An inability to actualize forecasted income and lack of planning that undermined the
Closing Ceremony in Sydney.

It is our belief that sound organization and financial planning of our ceremonies would result in an
event that is both satisfying and does not present a financial handicap in the overall budget of the
Games. The FGG is not opposed to continuing the tradition of having two stadium-like events for
the ceremonies. However, we urge hosts to select such venues using conservative estimates in the
number of ticket sales and thus, the total capacity of spectators. Bidding organizations should also
analyze their resources and present their respective positions regarding the ceremonies during the
bidding process. Emphasis on the use of cost-prohibitive venues must not be the core of ceremony

As previously stated, the inclusion of headliner entertainment may certainly turn out to be a major
highlight of the ceremony. However, the hiring costs of these entertainers should be given careful
consideration in the ceremonies planning and budgeting. The inclusion of spectacular sport/athletic
performances would focus on the mission and purpose of the Gay Games at a much lower cost and
certainly be generally much appreciated by the participants as well.




Some hosts have previously proposed and added conferences to the Gay Games program.
Conferences organized during past Gay Games have covered topics such as human rights,
homosexuality in general, or homosexuality in relationship with various aspects of our society such
as labor relations. These topics are important but are not a primary part of the Gay Games mission.

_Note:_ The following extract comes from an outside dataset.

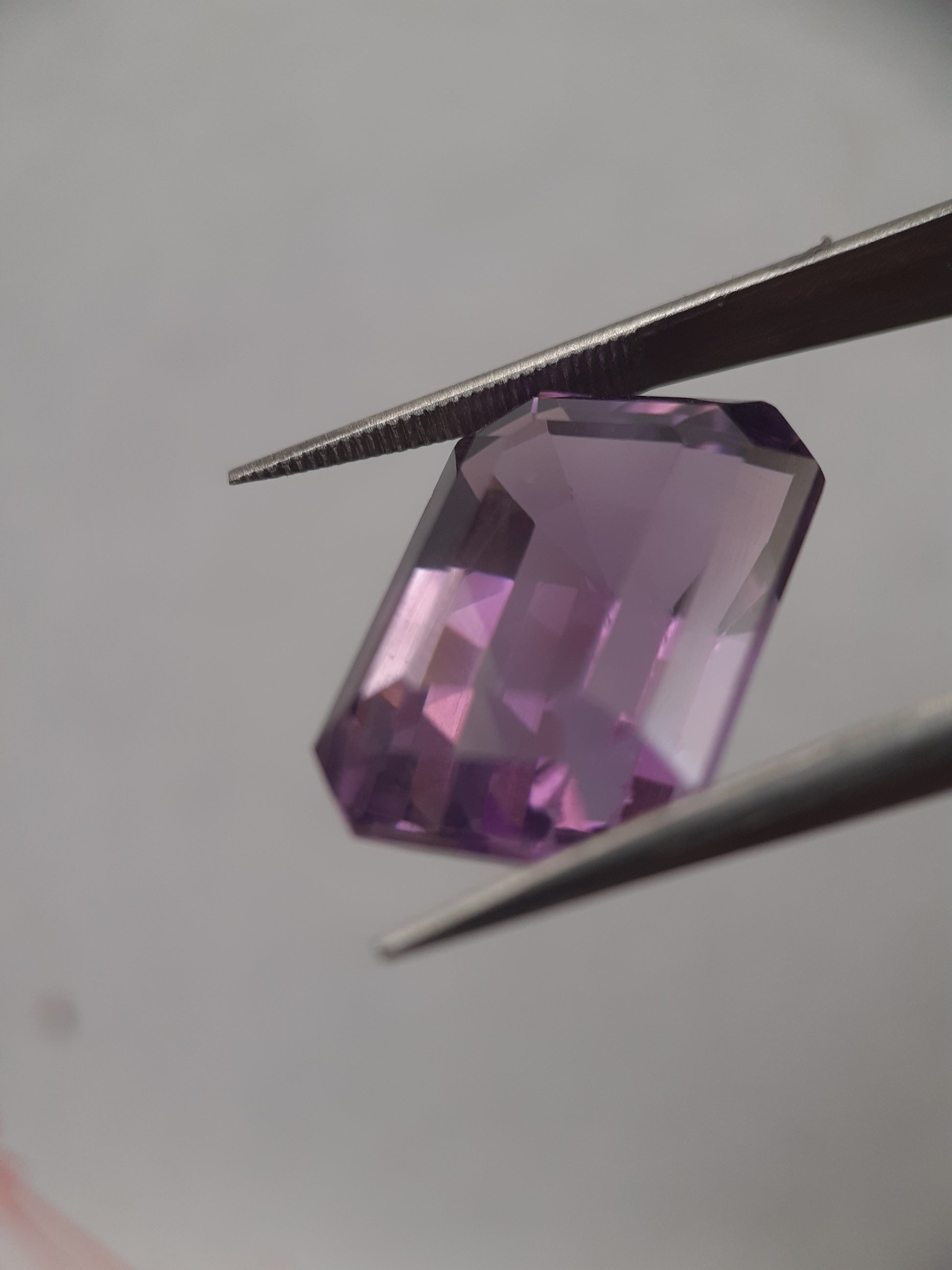 Natural light and medium purple Amethyst - 13.77 ct - octagon - unheated - certified by NGB - Natural Gems Belgium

The Federation is not opposed to the inclusion of conferences. However, since they are not a core
component of the Gay Games event, host organization resources cannot be allocated to organizing,
promoting and delivering such events. Additionally, if a host decides to include conferences in the
Gay Games program, the topics of these conferences must be related to the mission, image and
vision of the FGG and Gay Games movement (e.g., homosexuality and sports/art, integration
through sports/art, self esteem and empowerment through sports/art, etc.). The FGG must be a
more visible part of any such events under the Gay Games brand and should retain approval rights
over the topics of any conference associated with our event.

Over the past few years, there has been an increase in organizations whose mission is to promote
academic conferences around or related to LGBT issues, some including sport (e.g., the U.S.-based
Gay and Lesbian Athletics Foundation. It is the FGG’s position, therefore, that hosts should
explore opportunities to partner with such organizations so that conferences are organized,
promoted and produced by external groups with requisite expertise, independent of the host
organization’s financial, staff, volunteer or other core event resources.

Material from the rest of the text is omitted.